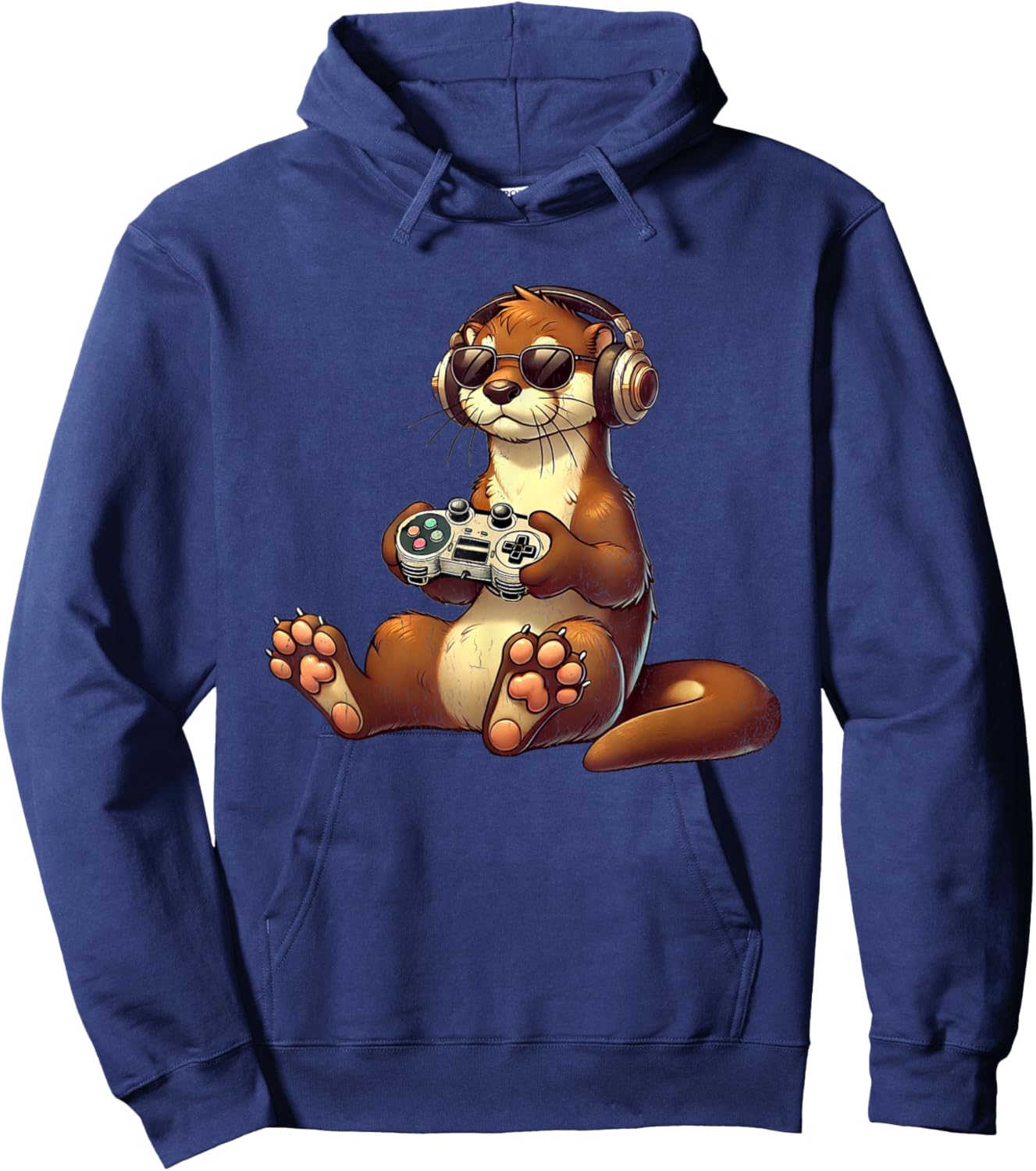 Retro Gamer Funny Video Games Otter Funny Retro Otter Gaming Hoodie - Hoodie | Navy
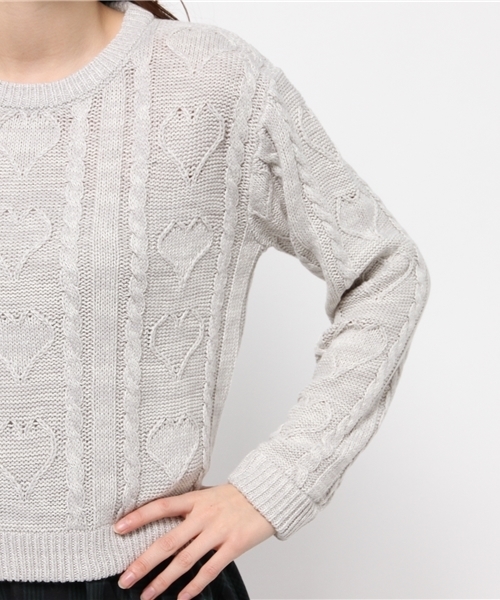 WEGO（ウィゴー）の「WEGO/ハートケーブルニット（ニット/セーター・レディース・杢グレー/サックスブルー/ライトパープル・FREE）」の8枚目の写真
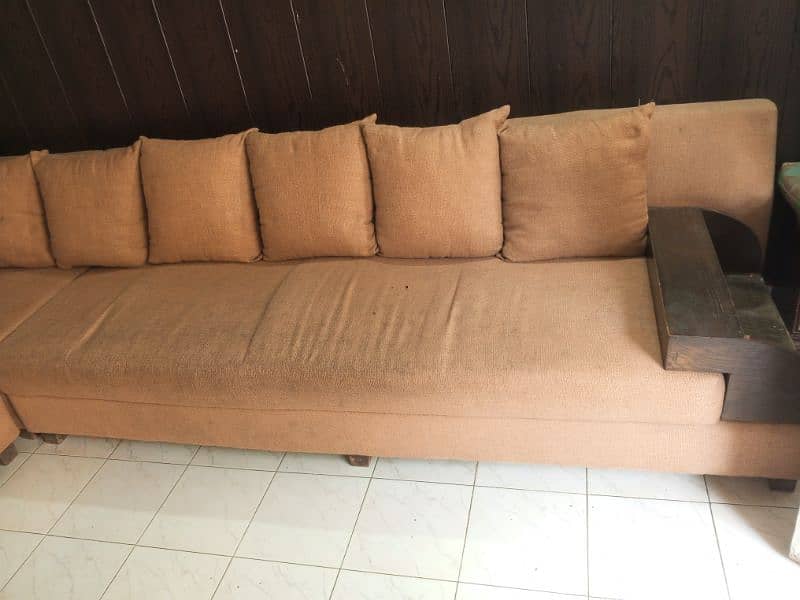 L-shaped 8 seater sofa for sale. Condition 8/10. 3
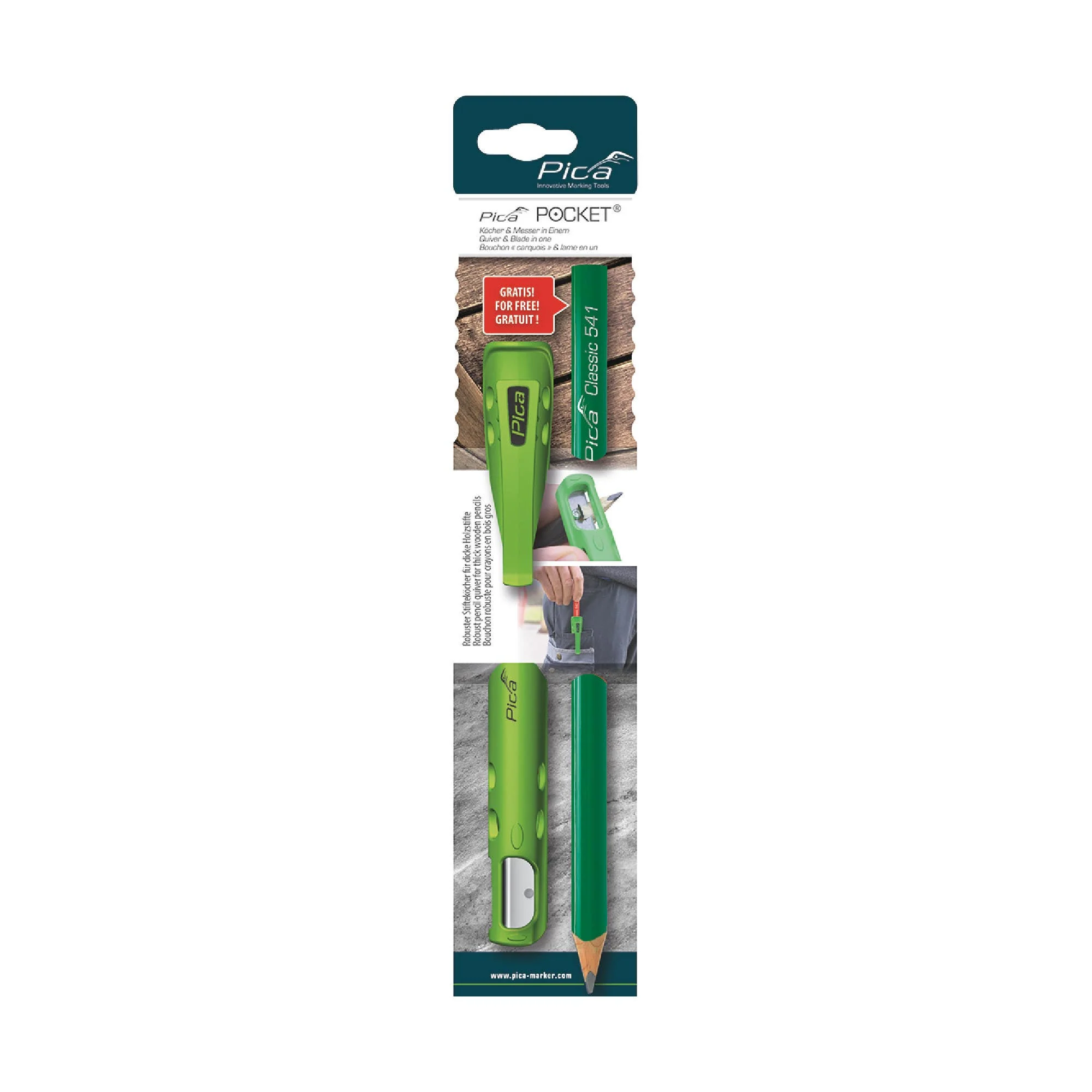 Pica 505/02 Graphite Carpenter Pencil and Quiver Holder w/ Sharpener, 1-Pack - Image 1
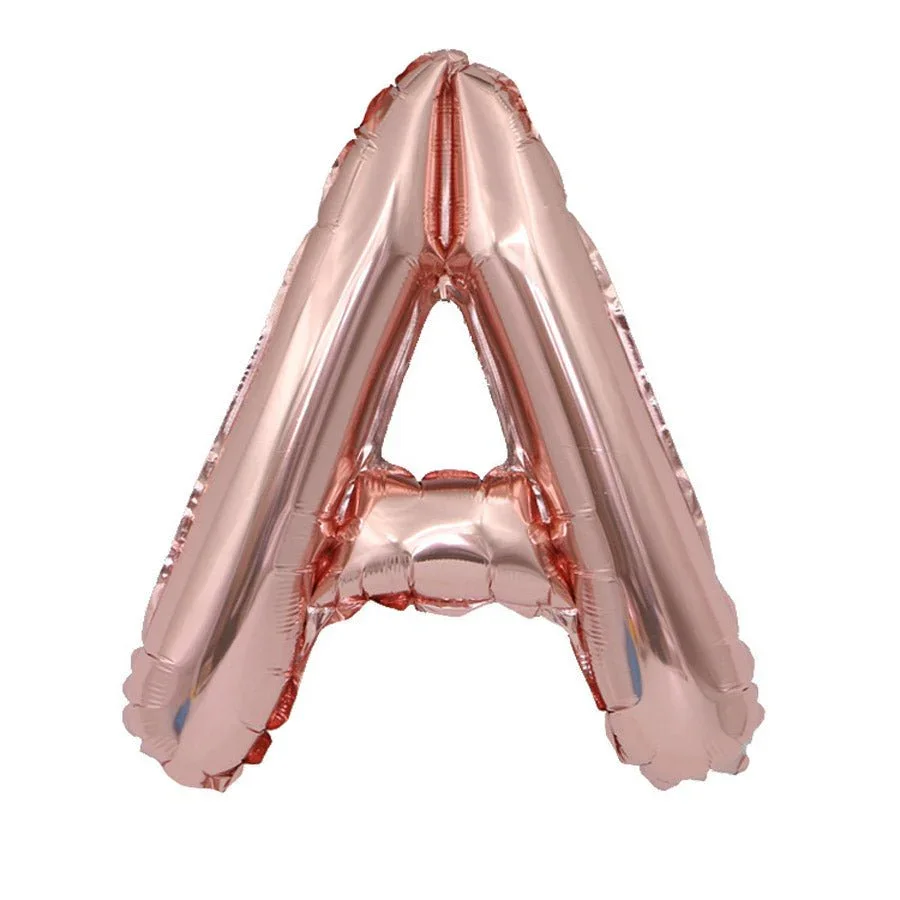 Air Filled Rose Gold Mylar Letter Balloon, 16" | 1 ct - Image 26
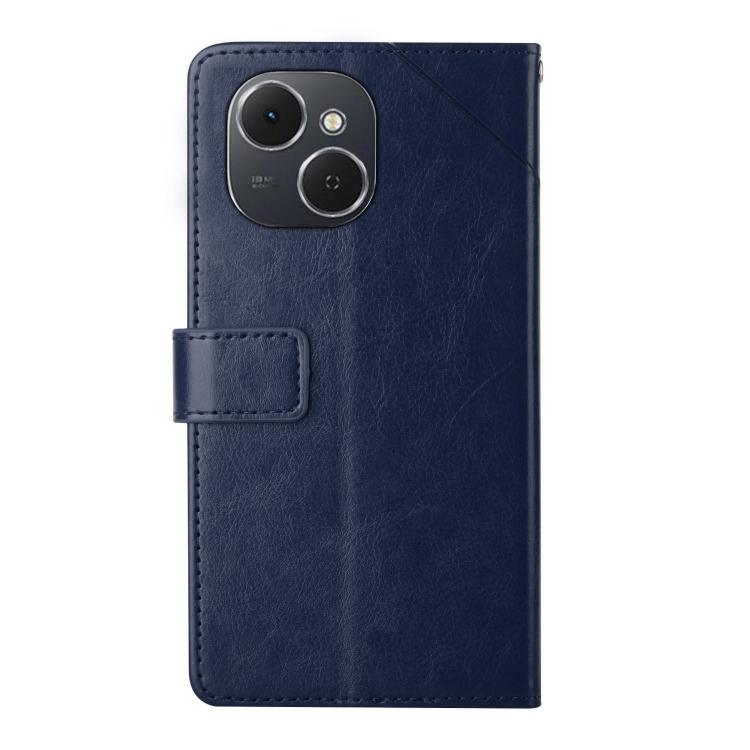 For Tecno Spark 40C Y-shaped Pattern Flip Leather Phone Case(Blue)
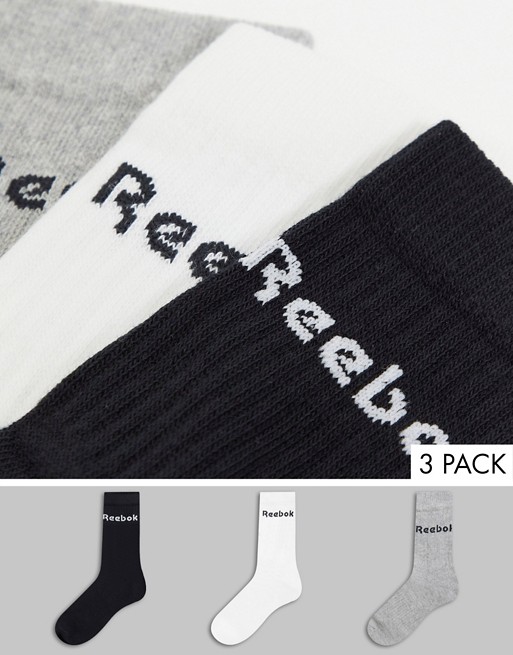 Reebok Training core 3 pack crew socks in black white and grey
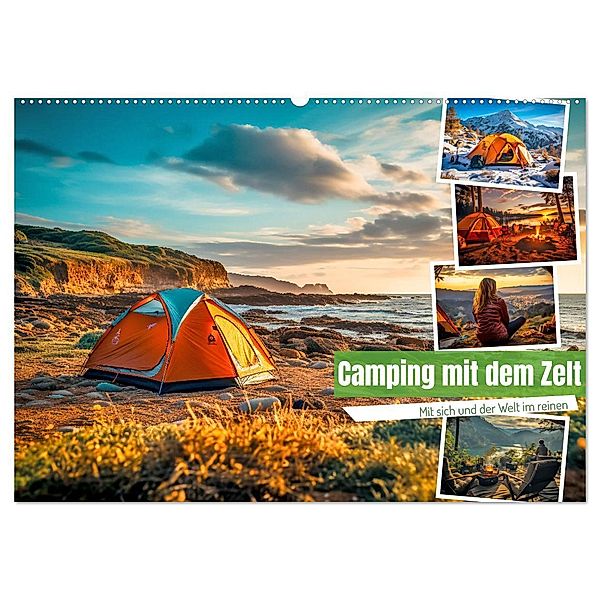 Camping mit dem Zelt (Wandkalender 2024 DIN A2 quer), CALVENDO Monatskalender, Steffen Gierok-Latniak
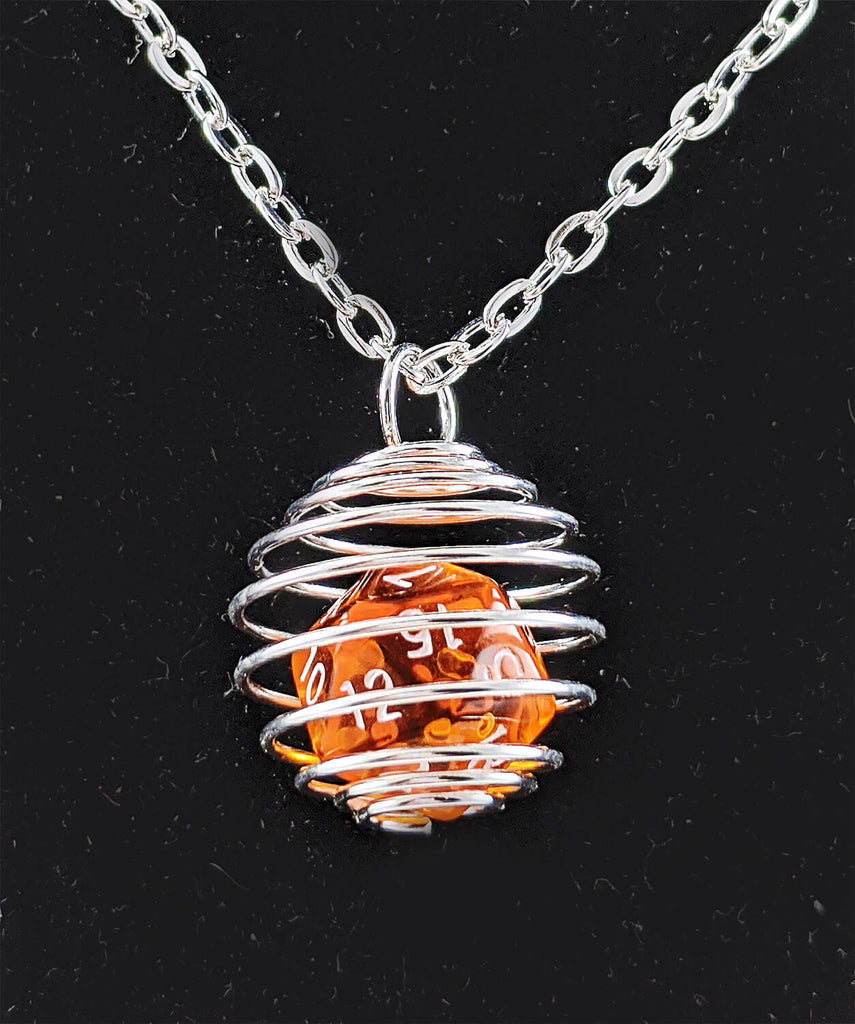 Orange d20 Necklace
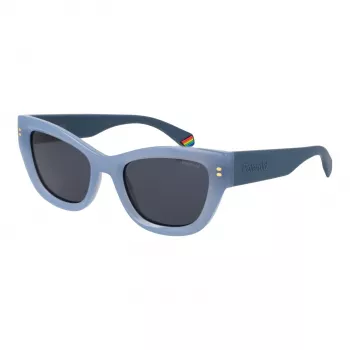 Polaroid PLD6237SX52MV Moteriški akiniai nuo saulės – juodas rėmelis, pilki poliarizuoti lęšiai, 52 mm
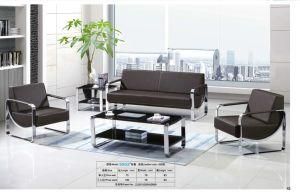 Classical Office Leather Sofa with Chrom Frame 9902 in Stock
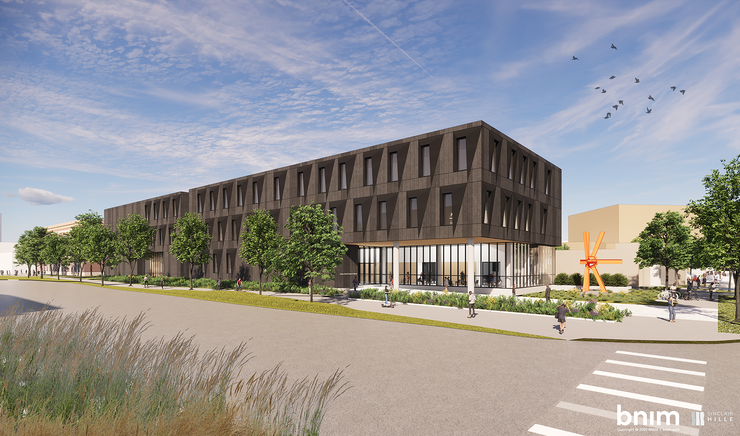 architects rendering of the exterio of the westbrook building that houses the music library 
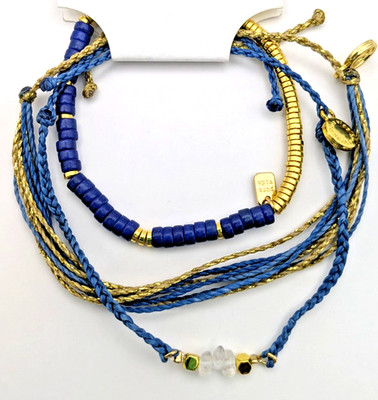 Pura Vida Bracelet NWT Monthly Club Gemstone Blue Gold Beach Friendship Jewelry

-.-.-

▶ What needs to be done
Take the lines from the start of the material to the line with "For Tecno Spark", both included, and transcribe them exactly without the pictures.

▶ Answer below
 Retro Gamer Funny Video Games Otter Funny Retro Otter Gaming Hoodie - Hoodie | Navy
 WEGO（ウィゴー）の「WEGO/ハートケーブルニット（ニット/セーター・レディース・杢グレー/サックスブルー/ライトパープル・FREE）」の8枚目の写真
 L-shaped 8 seater sofa for sale. Condition 8/10. 3
 Pica 505/02 Graphite Carpenter Pencil and Quiver Holder w/ Sharpener, 1-Pack - Image 1
 Air Filled Rose Gold Mylar Letter Balloon, 16" | 1 ct - Image 26
 For Tecno Spark 40C Y-shaped Pattern Flip Leather Phone Case(Blue)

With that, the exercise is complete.